_THE TASK_
Among the entries below, which lines run from the line with "Juguetes Educativos Animales" through the line with "Струни для укулеле"? Retype those, both ends included, exactly and without pictures.

═════ EXTRACTED INFORMATION ═════

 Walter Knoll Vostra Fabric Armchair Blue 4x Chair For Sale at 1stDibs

═════
═════ EXTRACTED INFORMATION ═════

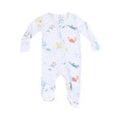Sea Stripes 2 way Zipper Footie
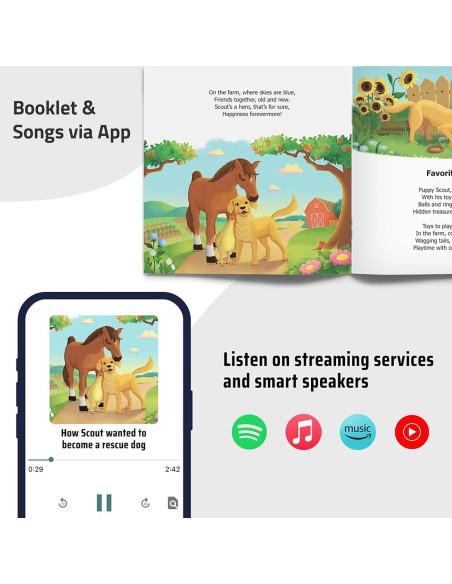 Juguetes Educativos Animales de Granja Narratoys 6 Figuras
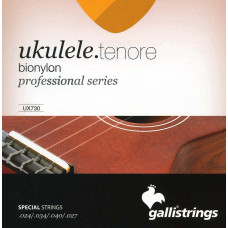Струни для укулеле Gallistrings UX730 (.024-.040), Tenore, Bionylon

═════

_ANSWER BOX_
 Juguetes Educativos Animales de Granja Narratoys 6 Figuras
Струни для укулеле Gallistrings UX730 (.024-.040), Tenore, Bionylon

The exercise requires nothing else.